Анджеевский стряхнул с себя официальную идеологию мгновенно — уже в сатирическом, гротескном рассказе осени 1953 года «Великий плач бумажной головы». Личный опыт помог Анджеевскому написать две потрясающие книги о страшной одержимости верой, одержимости утопией. Это книги о религиозной жизни христиан Средневековья — «Мрак покрывает землю» (1957; об испанской инквизиции) и «Врата рая» (1960; о Крестовом походе детей), поэма в прозе, которую сам Анджеевский считал лучшей своей книгой. Позже он написал еще несколько сильных и значительных книг, но те две вещи имели наибольший успех во всем мире, были переведены сразу же на очень многие языки, в конце концов были переведены и на русский. Все самое значительное Анджеевский создал после 1953 года, но близко знавший его Милош, хотя и писал в 1951-1952-м, уже придал его фигуре должную крупность.

Ежи Путрамент был членом виленской студенческой поэтической группы «Жагары». Разговор о Гамме-Путраменте дает Милошу возможность рассказать об остальных членах этой группы, а тем самым и о своей студенческой юности. Некоторые лирические строки и страницы этой главы книги уже предвещают ностальгическую виленскую тему в поэзии и прозе Милоша последующих лет.

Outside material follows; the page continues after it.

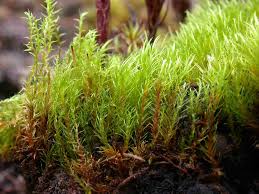 Attēlu rezultāti vaicājumam “Ditrichum flexicaule”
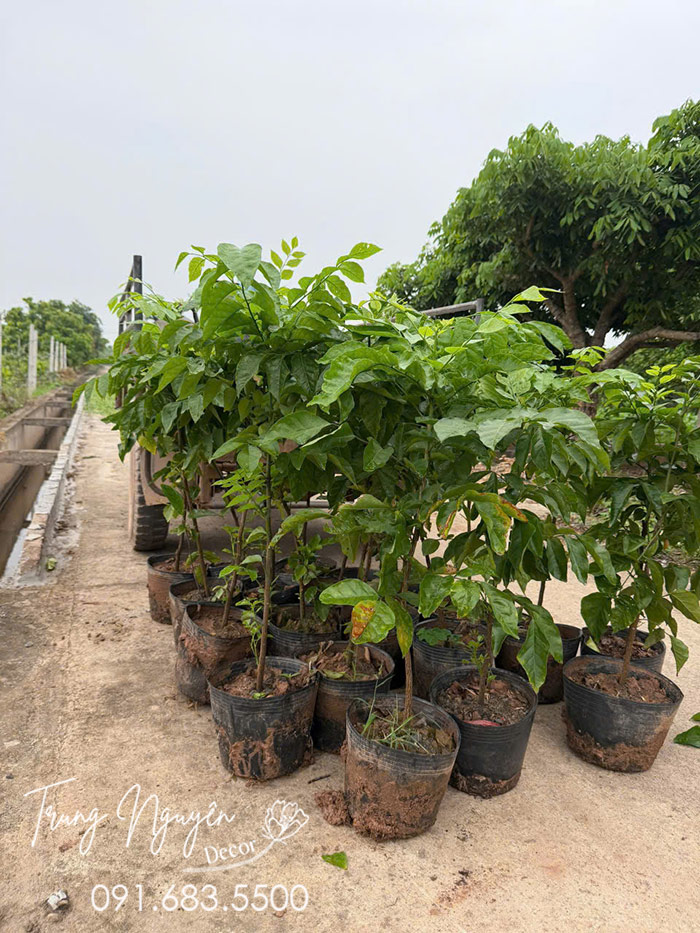 Cây Quất Hồng Bì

Если в главах об Анджеевском, Боровском, Галчиньском Милош кратко описывает иноязычному читателю творчество этих еще неизвестных Западу польских писателей, иногда — в главе о Боровском — дает обширные цитаты, то в главе о Путраменте описываются не столько книги Путрамента, сколько его психология, идеологическая эволюция, политическая карьера.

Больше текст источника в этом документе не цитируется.